204192 Lifecycle Building: Designing for Safe Constructability

Monday, November 9, 2009: 10:30 AM

Walter Jones, MS , Associate Director of Occupational Safety and Health, Laborers Health and Safety Fund of North America, Washington, DC
Designing for Construction Safety is the process of addressing construction site safety and maintenance in the design phase of a project. The customary role of the design professional is protect the safety of the public and to comply with building codes. Designing for Construction Safety extends this role to include construction site safety.

All designers agree their decisions affect the environment, cost, quality and duration of a construction project. Shouldn't designers also recognize that their design decisions affect the inherent risk to the workers constructing the project? There is a principle in quality management that quality must be "designed in." This principle also applies to safety: Safety must be designed into a project and hazards "designed out." For example, designing built in anchorage systems and higher parapet walls.

The injury and fatality rates in construction are so high that all parties - owners, design professionals, contractors, and material vendors - must proactively attempt to reduce injuries to the extent that is feasible for them.

Although typical contract terms clearly state that designers are not responsible for the safety of construction workers, nearly all designers would feel an ethical obligation to take action to prevent a serious injury to a construction worker if the hazard was imminent and obvious to the designer. Shouldn't designers feel a similar ethical obligation to take reasonable actions to prevent injuries that are not as imminent or obvious?

Designing for construction safety is a natural fit with the environmental sustainability movement and lifecycle building.

Learning Objectives:
Describe what designing for safe constructability means. Explain why DFS is needed. Demonstrate how DFS is a natural fit with sustainability, lifecycle building approaches and the LEED system.

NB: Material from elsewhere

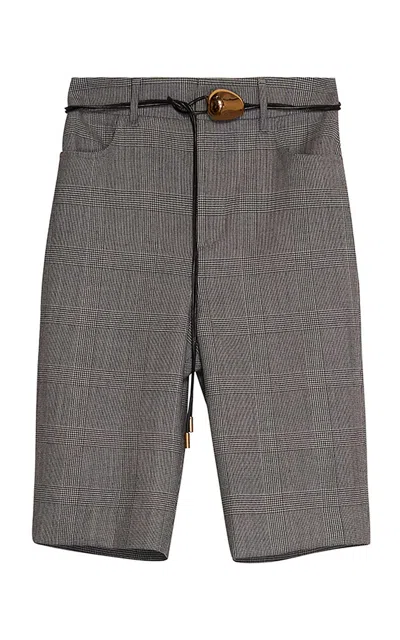 Zimmermann Crush Wool-blend Shorts In Grey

Keywords: Environmental Justice, Occupational Safety

Presenting author's disclosure statement:

Qualified on the content I am responsible for because: I am a OSH professional who has been working on DFS for about four years and sit on the OSHA DFS work group and the NIOSH PtD task force.
Any relevant financial relationships? No

I agree to comply with the American Public Health Association Conflict of Interest and Commercial Support Guidelines, and to disclose to the participants any off-label or experimental uses of a commercial product or service discussed in my presentation.